Female skin cancer spikes 800 percent; increase reveals alarming tanning trends

Data pix.

The most common cancer in the United States has spiked 800 percent among women, and indoor tanning may play a large role in that increase, according to new research.

The research was presented at the 2019 American Academy of Dermatology Summer Meeting, according to the American Academy of Dermatology website. it shows that between 1970 and 2009, rates of melanoma, the deadliest form of skin cancer, went up 800 percent among women between the ages of 18 and 39.

Basal cell and squamous cell carcinoma rates also increased by 145 percent and 263 percent.

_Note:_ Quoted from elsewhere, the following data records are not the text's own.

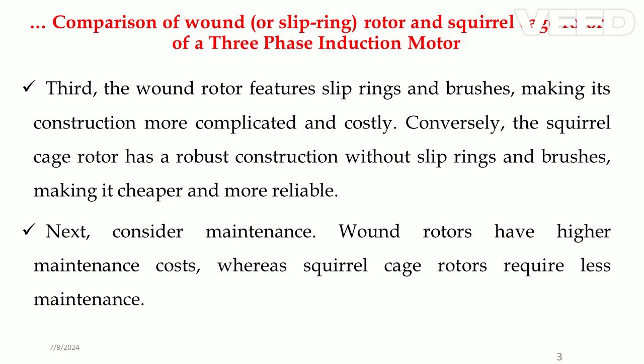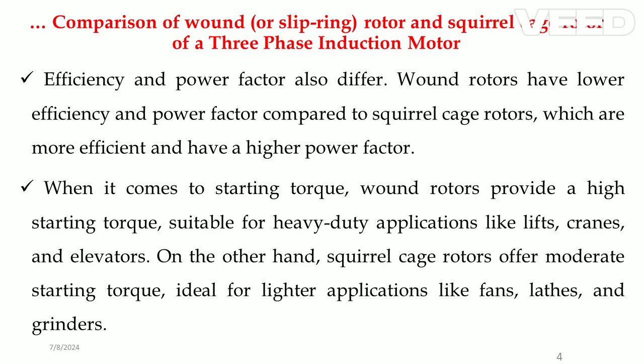Considering maintenance, wound rotors have higher maintenance costs, whereas squirrel cage rotors require less maintenance. Efficiency and power factor also differ: wound rotors have lower efficiency and power factor compared to squirrel cage rotors, which are more efficient and have a higher power factor.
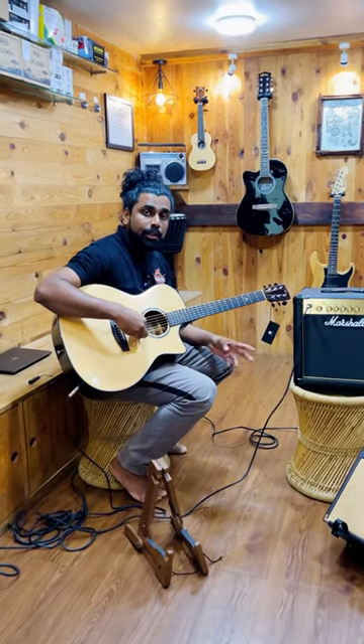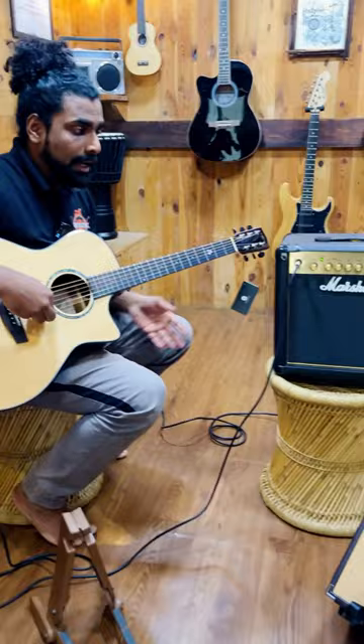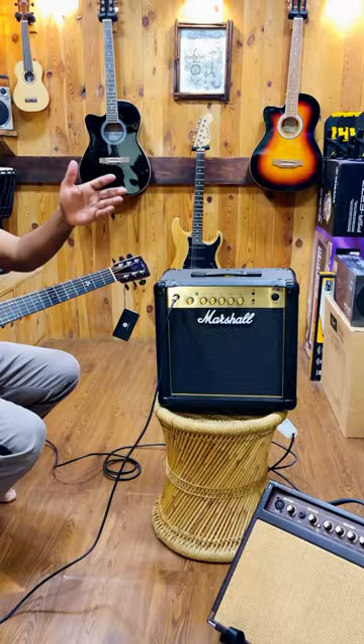One of the questions we frequently get is when you buy an amp for an acoustic guitar, whether to go for an electric guitar amp or an acoustic guitar amp. Both sound very different, and this video is to show how an acoustic guitar sounds through an electric guitar amp and an acoustic guitar amp.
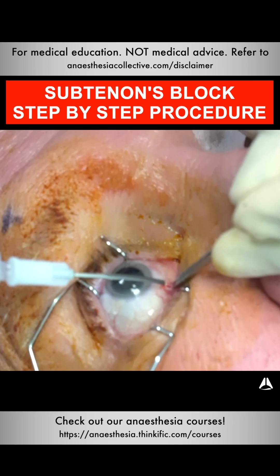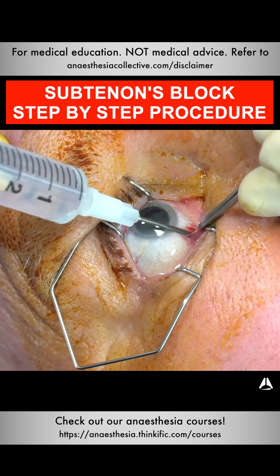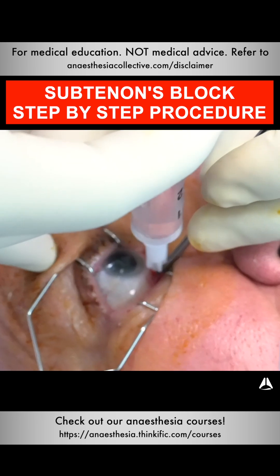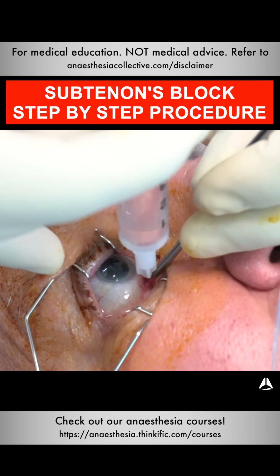I've then got the sub-Tenon's cannula syringe using a really shallow angle, going along the surface of the globe in the inframedial plane. Now I'm vertical and I just press down with my syringe to try and infiltrate. There's a bit of pressure experienced by the patient, but this is not too bad.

"Because there's a delay between UV exposure and when skin cancer appears, most women don't think it will happen to them," said Washington University Dr. M. Laurin Council."This data reveals the disproportionate rise in the number of skin cancers in women and the need for further education regarding UV exposure."

Indoor tanning by Caucasian girls and young women "is of particular focus." It could cause more than 400,000 cases of skin cancer in the U.S. each year. One indoor tanning session can increase a person's risk of developing melanoma by 20 percent, and the risk increases for those who indoor tan before the age of 35.

Council recommends seeking shade, wearing protective clothing and regularly applying sunscreen with an SPF of 30 or higher. Parents should also talk to their kids about indoor tanning devices, she said.